_WHAT IS BEING ASKED_.
Extract every line below, verbatim.

━━━━━━━━━━━━━━━━━━━━━━━━━━━━━━

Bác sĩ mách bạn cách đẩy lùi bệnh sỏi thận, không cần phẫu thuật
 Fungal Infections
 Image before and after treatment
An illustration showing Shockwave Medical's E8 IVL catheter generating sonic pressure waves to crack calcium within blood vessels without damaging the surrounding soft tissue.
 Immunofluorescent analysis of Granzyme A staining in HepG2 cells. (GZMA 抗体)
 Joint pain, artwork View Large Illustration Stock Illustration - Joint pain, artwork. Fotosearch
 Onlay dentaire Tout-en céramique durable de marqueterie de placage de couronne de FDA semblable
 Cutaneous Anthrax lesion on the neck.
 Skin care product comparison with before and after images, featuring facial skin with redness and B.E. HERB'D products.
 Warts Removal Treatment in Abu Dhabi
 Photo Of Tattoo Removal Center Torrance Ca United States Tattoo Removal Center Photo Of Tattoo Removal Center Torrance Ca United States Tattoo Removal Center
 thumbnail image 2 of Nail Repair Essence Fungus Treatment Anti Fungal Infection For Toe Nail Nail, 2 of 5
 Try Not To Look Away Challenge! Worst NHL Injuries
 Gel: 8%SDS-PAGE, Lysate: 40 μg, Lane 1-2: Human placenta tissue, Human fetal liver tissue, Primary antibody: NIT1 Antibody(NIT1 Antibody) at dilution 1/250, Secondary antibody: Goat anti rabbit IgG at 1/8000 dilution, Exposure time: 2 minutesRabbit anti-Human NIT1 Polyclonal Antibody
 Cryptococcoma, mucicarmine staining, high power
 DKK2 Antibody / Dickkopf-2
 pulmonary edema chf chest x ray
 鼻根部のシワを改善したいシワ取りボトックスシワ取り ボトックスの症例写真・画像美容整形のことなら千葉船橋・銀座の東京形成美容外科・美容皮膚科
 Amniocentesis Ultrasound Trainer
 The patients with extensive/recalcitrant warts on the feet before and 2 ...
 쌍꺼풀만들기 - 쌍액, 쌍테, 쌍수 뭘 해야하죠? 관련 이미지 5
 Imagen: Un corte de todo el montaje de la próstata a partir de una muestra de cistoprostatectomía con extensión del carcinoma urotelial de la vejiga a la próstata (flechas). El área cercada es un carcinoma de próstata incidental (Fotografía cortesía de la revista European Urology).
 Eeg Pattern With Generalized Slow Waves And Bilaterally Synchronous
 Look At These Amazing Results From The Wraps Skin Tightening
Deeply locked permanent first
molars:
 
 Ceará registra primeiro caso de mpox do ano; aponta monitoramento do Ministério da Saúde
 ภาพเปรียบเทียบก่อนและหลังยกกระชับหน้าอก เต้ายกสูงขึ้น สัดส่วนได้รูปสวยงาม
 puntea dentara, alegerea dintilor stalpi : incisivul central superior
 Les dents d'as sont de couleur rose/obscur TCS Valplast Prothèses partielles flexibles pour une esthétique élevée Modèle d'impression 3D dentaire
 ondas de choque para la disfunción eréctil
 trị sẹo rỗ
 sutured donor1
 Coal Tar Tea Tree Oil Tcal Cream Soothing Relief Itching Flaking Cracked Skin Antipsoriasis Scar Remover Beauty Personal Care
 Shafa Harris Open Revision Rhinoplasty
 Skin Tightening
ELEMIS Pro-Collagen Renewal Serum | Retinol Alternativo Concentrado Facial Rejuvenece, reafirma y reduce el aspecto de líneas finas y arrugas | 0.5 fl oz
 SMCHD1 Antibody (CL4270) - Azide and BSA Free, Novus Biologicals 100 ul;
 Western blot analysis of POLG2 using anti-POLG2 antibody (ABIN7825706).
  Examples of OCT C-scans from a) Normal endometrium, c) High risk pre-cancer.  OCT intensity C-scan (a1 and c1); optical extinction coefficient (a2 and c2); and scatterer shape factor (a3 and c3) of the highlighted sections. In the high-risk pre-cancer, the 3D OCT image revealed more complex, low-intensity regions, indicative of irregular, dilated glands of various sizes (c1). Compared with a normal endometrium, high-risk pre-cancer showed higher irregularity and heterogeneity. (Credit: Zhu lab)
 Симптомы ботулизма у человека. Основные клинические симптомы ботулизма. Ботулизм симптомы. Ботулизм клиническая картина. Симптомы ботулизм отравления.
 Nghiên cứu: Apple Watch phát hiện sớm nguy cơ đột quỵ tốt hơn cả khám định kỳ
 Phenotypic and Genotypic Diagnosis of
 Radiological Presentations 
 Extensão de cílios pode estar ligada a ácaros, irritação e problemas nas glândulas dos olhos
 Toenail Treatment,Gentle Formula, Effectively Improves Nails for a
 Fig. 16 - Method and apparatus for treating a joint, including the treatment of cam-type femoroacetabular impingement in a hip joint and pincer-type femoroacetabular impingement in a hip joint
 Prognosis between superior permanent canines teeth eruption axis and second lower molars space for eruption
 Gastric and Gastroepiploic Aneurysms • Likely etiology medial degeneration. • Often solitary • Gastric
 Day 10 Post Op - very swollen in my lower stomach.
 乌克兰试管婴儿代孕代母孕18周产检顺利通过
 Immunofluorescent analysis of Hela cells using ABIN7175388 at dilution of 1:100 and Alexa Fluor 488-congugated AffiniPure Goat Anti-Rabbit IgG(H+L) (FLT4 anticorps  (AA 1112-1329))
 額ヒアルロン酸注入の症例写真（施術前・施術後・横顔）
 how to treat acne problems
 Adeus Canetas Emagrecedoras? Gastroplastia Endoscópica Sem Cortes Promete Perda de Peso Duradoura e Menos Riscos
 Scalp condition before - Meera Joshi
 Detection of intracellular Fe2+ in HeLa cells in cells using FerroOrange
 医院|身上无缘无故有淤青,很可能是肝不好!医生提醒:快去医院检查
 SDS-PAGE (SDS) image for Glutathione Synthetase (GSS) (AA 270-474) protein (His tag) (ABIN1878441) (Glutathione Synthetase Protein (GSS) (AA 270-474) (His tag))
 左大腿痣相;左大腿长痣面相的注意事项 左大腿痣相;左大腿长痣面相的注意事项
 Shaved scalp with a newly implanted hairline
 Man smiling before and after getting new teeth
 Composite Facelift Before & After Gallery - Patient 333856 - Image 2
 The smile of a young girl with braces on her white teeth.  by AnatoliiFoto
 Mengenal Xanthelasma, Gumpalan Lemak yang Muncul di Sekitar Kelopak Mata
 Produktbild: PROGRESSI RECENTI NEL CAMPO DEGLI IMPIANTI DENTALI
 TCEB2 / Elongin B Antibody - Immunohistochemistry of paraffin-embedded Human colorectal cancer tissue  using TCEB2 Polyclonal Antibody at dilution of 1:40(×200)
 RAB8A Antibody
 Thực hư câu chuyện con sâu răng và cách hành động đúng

━━━━━━━━━━━━━━━━━━━━━━━━━━━━━━

_TASK RESPONSE_.
Bác sĩ mách bạn cách đẩy lùi bệnh sỏi thận, không cần phẫu thuật
 Fungal Infections
 Image before and after treatment
An illustration showing Shockwave Medical's E8 IVL catheter generating sonic pressure waves to crack calcium within blood vessels without damaging the surrounding soft tissue.
 Immunofluorescent analysis of Granzyme A staining in HepG2 cells. (GZMA 抗体)
 Joint pain, artwork View Large Illustration Stock Illustration - Joint pain, artwork. Fotosearch
 Onlay dentaire Tout-en céramique durable de marqueterie de placage de couronne de FDA semblable
 Cutaneous Anthrax lesion on the neck.
 Skin care product comparison with before and after images, featuring facial skin with redness and B.E. HERB'D products.
 Warts Removal Treatment in Abu Dhabi
 Photo Of Tattoo Removal Center Torrance Ca United States Tattoo Removal Center Photo Of Tattoo Removal Center Torrance Ca United States Tattoo Removal Center
 thumbnail image 2 of Nail Repair Essence Fungus Treatment Anti Fungal Infection For Toe Nail Nail, 2 of 5
 Try Not To Look Away Challenge! Worst NHL Injuries
 Gel: 8%SDS-PAGE, Lysate: 40 μg, Lane 1-2: Human placenta tissue, Human fetal liver tissue, Primary antibody: NIT1 Antibody(NIT1 Antibody) at dilution 1/250, Secondary antibody: Goat anti rabbit IgG at 1/8000 dilution, Exposure time: 2 minutesRabbit anti-Human NIT1 Polyclonal Antibody
 Cryptococcoma, mucicarmine staining, high power
 DKK2 Antibody / Dickkopf-2
 pulmonary edema chf chest x ray
 鼻根部のシワを改善したいシワ取りボトックスシワ取り ボトックスの症例写真・画像美容整形のことなら千葉船橋・銀座の東京形成美容外科・美容皮膚科
 Amniocentesis Ultrasound Trainer
 The patients with extensive/recalcitrant warts on the feet before and 2 ...
 쌍꺼풀만들기 - 쌍액, 쌍테, 쌍수 뭘 해야하죠? 관련 이미지 5
 Imagen: Un corte de todo el montaje de la próstata a partir de una muestra de cistoprostatectomía con extensión del carcinoma urotelial de la vejiga a la próstata (flechas). El área cercada es un carcinoma de próstata incidental (Fotografía cortesía de la revista European Urology).
 Eeg Pattern With Generalized Slow Waves And Bilaterally Synchronous
 Look At These Amazing Results From The Wraps Skin Tightening
Deeply locked permanent first
molars:
 
 Ceará registra primeiro caso de mpox do ano; aponta monitoramento do Ministério da Saúde
 ภาพเปรียบเทียบก่อนและหลังยกกระชับหน้าอก เต้ายกสูงขึ้น สัดส่วนได้รูปสวยงาม
 puntea dentara, alegerea dintilor stalpi : incisivul central superior
 Les dents d'as sont de couleur rose/obscur TCS Valplast Prothèses partielles flexibles pour une esthétique élevée Modèle d'impression 3D dentaire
 ondas de choque para la disfunción eréctil
 trị sẹo rỗ
 sutured donor1
 Coal Tar Tea Tree Oil Tcal Cream Soothing Relief Itching Flaking Cracked Skin Antipsoriasis Scar Remover Beauty Personal Care
 Shafa Harris Open Revision Rhinoplasty
 Skin Tightening
ELEMIS Pro-Collagen Renewal Serum | Retinol Alternativo Concentrado Facial Rejuvenece, reafirma y reduce el aspecto de líneas finas y arrugas | 0.5 fl oz
 SMCHD1 Antibody (CL4270) - Azide and BSA Free, Novus Biologicals 100 ul;
 Western blot analysis of POLG2 using anti-POLG2 antibody (ABIN7825706).
  Examples of OCT C-scans from a) Normal endometrium, c) High risk pre-cancer.  OCT intensity C-scan (a1 and c1); optical extinction coefficient (a2 and c2); and scatterer shape factor (a3 and c3) of the highlighted sections. In the high-risk pre-cancer, the 3D OCT image revealed more complex, low-intensity regions, indicative of irregular, dilated glands of various sizes (c1). Compared with a normal endometrium, high-risk pre-cancer showed higher irregularity and heterogeneity. (Credit: Zhu lab)
 Симптомы ботулизма у человека. Основные клинические симптомы ботулизма. Ботулизм симптомы. Ботулизм клиническая картина. Симптомы ботулизм отравления.
 Nghiên cứu: Apple Watch phát hiện sớm nguy cơ đột quỵ tốt hơn cả khám định kỳ
 Phenotypic and Genotypic Diagnosis of
 Radiological Presentations 
 Extensão de cílios pode estar ligada a ácaros, irritação e problemas nas glândulas dos olhos
 Toenail Treatment,Gentle Formula, Effectively Improves Nails for a
 Fig. 16 - Method and apparatus for treating a joint, including the treatment of cam-type femoroacetabular impingement in a hip joint and pincer-type femoroacetabular impingement in a hip joint
 Prognosis between superior permanent canines teeth eruption axis and second lower molars space for eruption
 Gastric and Gastroepiploic Aneurysms • Likely etiology medial degeneration. • Often solitary • Gastric
 Day 10 Post Op - very swollen in my lower stomach.
 乌克兰试管婴儿代孕代母孕18周产检顺利通过
 Immunofluorescent analysis of Hela cells using ABIN7175388 at dilution of 1:100 and Alexa Fluor 488-congugated AffiniPure Goat Anti-Rabbit IgG(H+L) (FLT4 anticorps  (AA 1112-1329))
 額ヒアルロン酸注入の症例写真（施術前・施術後・横顔）
 how to treat acne problems
 Adeus Canetas Emagrecedoras? Gastroplastia Endoscópica Sem Cortes Promete Perda de Peso Duradoura e Menos Riscos
 Scalp condition before - Meera Joshi
 Detection of intracellular Fe2+ in HeLa cells in cells using FerroOrange
 医院|身上无缘无故有淤青,很可能是肝不好!医生提醒:快去医院检查
 SDS-PAGE (SDS) image for Glutathione Synthetase (GSS) (AA 270-474) protein (His tag) (ABIN1878441) (Glutathione Synthetase Protein (GSS) (AA 270-474) (His tag))
 左大腿痣相;左大腿长痣面相的注意事项 左大腿痣相;左大腿长痣面相的注意事项
 Shaved scalp with a newly implanted hairline
 Man smiling before and after getting new teeth
 Composite Facelift Before & After Gallery - Patient 333856 - Image 2
 The smile of a young girl with braces on her white teeth.  by AnatoliiFoto
 Mengenal Xanthelasma, Gumpalan Lemak yang Muncul di Sekitar Kelopak Mata
 Produktbild: PROGRESSI RECENTI NEL CAMPO DEGLI IMPIANTI DENTALI
 TCEB2 / Elongin B Antibody - Immunohistochemistry of paraffin-embedded Human colorectal cancer tissue  using TCEB2 Polyclonal Antibody at dilution of 1:40(×200)
 RAB8A Antibody
 Thực hư câu chuyện con sâu răng và cách hành động đúng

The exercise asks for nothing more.